Which value is the *mean value* in the mean value theorem: the argument, the function, or the derivative? After looking over a few statements and proofs of the real number mean value theorem of single variable calculus of single valued functions, I realized that it is not clear to me what is actually meant by mean value.  I understand the proofs.  I just don't know exactly what the name of the theorem means.  
For the case of $f\left[x\right]$ continuous on $x\in\left[x_0,x_1\right]$ and differentiable in $x\in\left(x_0,x_1\right),$ and $c\in\left(x_0,x_1\right)$ such that
$$f^\prime\left[c\right]=\frac{f\left[x_1\right]-f\left[x_0\right]}{x_1-x_0},$$
there are three possible values which might be designated the mean value. Either $c$, $f\left[c\right]$ or $f^\prime\left[c\right].$  Which one is it?  Are there good names for the other values in this context?

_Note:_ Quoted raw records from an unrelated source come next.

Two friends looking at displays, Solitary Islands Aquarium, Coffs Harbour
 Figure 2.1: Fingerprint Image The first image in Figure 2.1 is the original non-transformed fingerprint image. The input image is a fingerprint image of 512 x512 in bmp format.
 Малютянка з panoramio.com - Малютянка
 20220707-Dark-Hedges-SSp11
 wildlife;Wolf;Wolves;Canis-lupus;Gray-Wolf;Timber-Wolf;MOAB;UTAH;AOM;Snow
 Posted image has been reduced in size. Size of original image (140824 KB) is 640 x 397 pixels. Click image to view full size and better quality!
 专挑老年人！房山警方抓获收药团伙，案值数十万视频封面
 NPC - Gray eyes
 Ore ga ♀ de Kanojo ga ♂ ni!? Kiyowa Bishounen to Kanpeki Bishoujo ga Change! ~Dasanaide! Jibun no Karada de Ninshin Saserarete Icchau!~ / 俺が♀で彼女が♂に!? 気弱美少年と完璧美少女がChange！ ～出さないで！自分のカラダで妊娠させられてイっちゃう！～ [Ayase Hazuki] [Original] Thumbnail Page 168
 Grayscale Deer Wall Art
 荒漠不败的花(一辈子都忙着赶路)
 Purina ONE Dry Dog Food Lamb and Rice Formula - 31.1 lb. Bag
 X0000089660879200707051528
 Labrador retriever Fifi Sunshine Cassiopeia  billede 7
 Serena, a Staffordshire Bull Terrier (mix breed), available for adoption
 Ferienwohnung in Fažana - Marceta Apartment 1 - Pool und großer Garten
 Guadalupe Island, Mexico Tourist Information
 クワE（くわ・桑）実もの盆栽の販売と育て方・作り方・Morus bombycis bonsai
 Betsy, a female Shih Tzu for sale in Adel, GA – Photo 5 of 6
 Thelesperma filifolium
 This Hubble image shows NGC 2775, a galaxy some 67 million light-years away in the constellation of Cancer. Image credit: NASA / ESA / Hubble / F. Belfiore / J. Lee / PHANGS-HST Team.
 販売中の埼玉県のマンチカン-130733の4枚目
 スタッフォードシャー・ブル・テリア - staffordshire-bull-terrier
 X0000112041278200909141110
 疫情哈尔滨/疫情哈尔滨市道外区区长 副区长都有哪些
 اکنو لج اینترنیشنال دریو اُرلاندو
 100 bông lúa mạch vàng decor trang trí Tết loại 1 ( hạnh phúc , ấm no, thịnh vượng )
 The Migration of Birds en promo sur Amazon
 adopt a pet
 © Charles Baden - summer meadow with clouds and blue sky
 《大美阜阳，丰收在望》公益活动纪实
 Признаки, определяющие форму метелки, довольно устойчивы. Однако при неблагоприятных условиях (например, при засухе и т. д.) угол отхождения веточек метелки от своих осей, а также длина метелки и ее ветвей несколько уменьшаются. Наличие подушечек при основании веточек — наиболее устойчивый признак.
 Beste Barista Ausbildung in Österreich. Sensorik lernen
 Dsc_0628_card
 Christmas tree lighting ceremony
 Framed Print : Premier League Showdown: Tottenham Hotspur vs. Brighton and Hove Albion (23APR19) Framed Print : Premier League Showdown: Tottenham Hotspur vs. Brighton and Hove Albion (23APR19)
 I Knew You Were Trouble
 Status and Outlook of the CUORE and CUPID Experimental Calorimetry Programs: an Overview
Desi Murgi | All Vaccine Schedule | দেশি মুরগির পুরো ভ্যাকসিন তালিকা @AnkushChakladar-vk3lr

 A: It would seem to me that $f'(c)$ is the 'mean value' in the theorem. 
With some hand-waving, the "average" gradient of the graph of $f$ taken over the interval $(x_0,x_1)$  is $\frac{f\left(x_1\right)-f\left(x_0\right)}{x_1-x_0}$. Whilst the derivative $f'(c)$ may not always equal this value, it has to at some point, because that's the 'mean'.
I don't think there are particular names for the values of $c$ or $f(c)$.
A: The mean value would be $\,f'(c)\,$.
This makes a lot more sense if you consider the integral form of MVT $\,f(c) = \frac {1}{b-a}\int _{a}^{b}f(x)\,dx\,$, where the RHS is indeed the "mean value" of $\,f(x)\,$ over $\,[a,b]\,$.
A: In my opinion, the mean value  denotes the mean value of $f$ on the interval $[c_0,c_1]$, i.e.  the value of the fraction
$$\frac{f(x_1)-f([x_0)}{x_1-x_0},$$
which is the equivalent of the average speed, if $x$ is time, and $f(x)$ is position at a given time.
In terms of kinematics, the Mean value theorem asserts that the average speed on a time interval is equal to the instantaneous speed at some time of this time interval, whence the name of the theorem.